Once illustrated texts enter the picture, Newbigin's task as a bibliographer of early printed books grows complex. In Ch. 8, “Bartolomeo de’ Libri, Antonio Miscomini, and the Illustrated Editions” (fifty pages of plates), reveals a “timeless zone,” with “little guidance [for scholars, regarding] date of composition, . . . authorship, and . . . social and devotional context.” Woodcuts, she notes, “designate[d] these books as . . . for the popolo rather than the literary elite” (567), but also ensured their great value for collectors. Painters, moreover, “were intimately involved” with producers and actors, sharing “aesthetic values, iconography, and expertise” (609).

In Chapter 9, “Savonarola and Beyond: Castellano Castellani,” Newbigin records how Florence lost its leading role in dramatic spectacle in the late Quattrocento. She denies that Savonarola was responsible for that decline: he issued no explicit ban on the rappresentazioni. Moreover, his passing seems to have been registered in four anonymous plays from 1499/1500 to the 1520s, as their subject matter reflects the changing political situation. Nineteen plays are attributed to the well-known Castellani, seven bearing his name (689). They often featured violence and anti-Judaism: “martyrdoms predominate” while Old Testament subjects are “notably absent” (690).

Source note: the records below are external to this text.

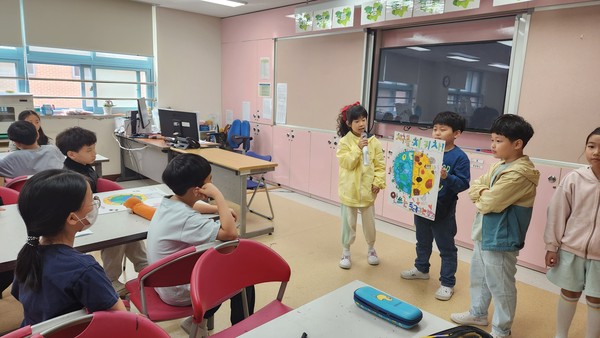 ▲ 용인특례시의 한 초등학교에서 환경교육이 이뤄지고 있는 모습.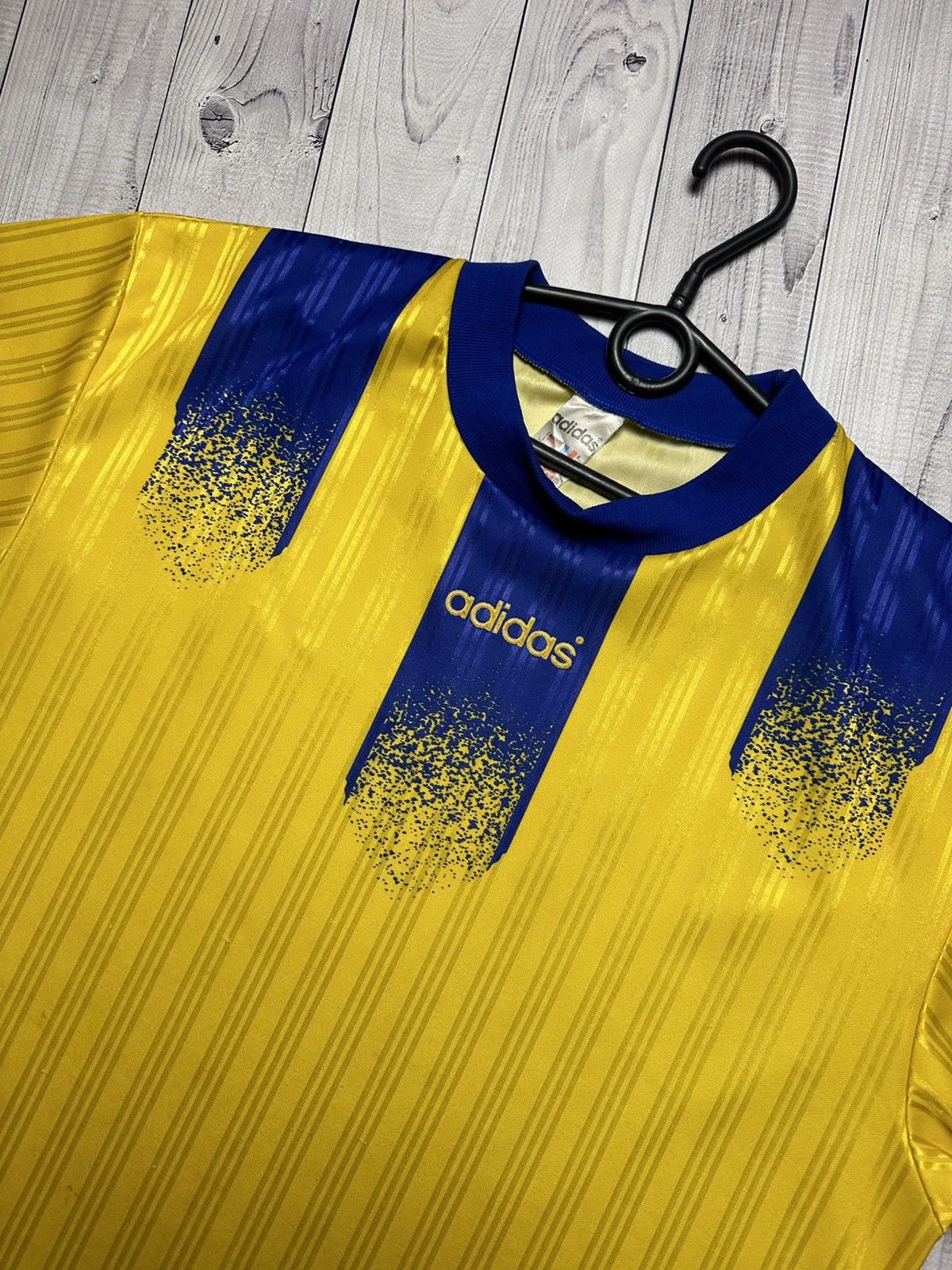 Adidas × Vintage Vintage adidas retro jersey striped size L Size US L / EU 52-54 / 3 - 2 Thumbnail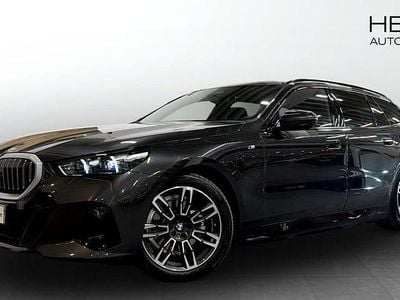 Grå Begagnad 2025 BMW 530 M Sport Kombi | 626 700 kr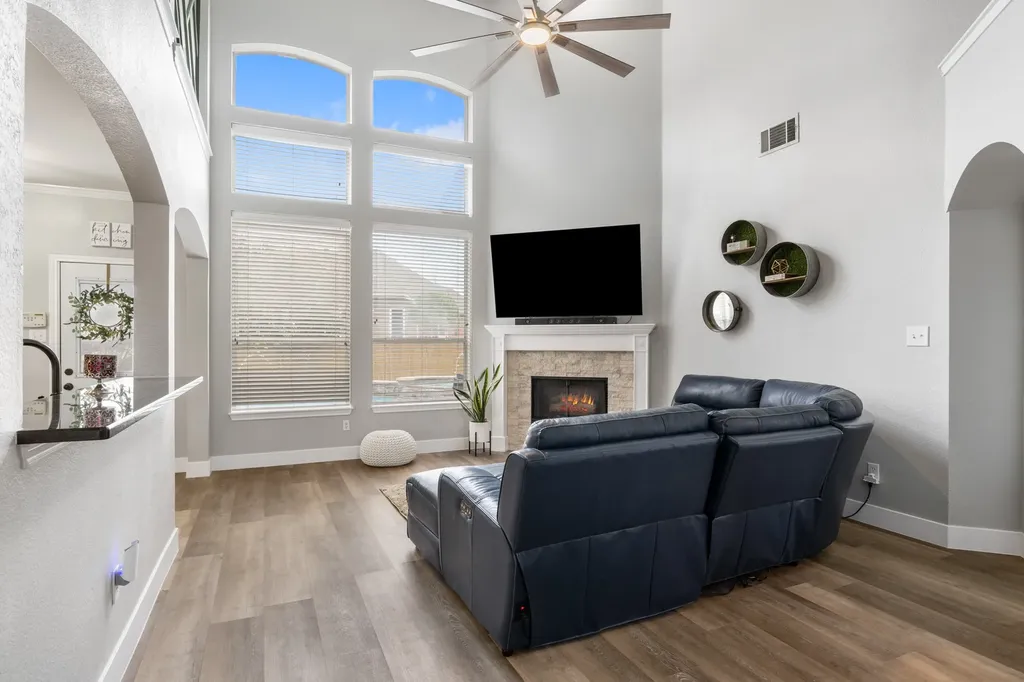 2959 Masters Court S Burleson TX 76028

The short Chapter 10 traces the “Afterlife of the Plays,” from the Medici duchy's rapidly declining interest as dramaturgical fashions changed, to the complexities of library collections in early modernity. Tracking complex and multiply re-edited plays through the changing networks of collectors and libraries is work for big data enthusiasts; Newbigin expects recovery of many lost plays. She concludes by saluting her Italian counterpart, Paola Ventrone, author of Teatro civile e sacra rappresentazione a Firenze nel Rinascimento (2016). The two scholars’ investigations, now mutually re-enforcing, now mutually contesting, promise that study of the sacra rappresentazione has a vibrant future.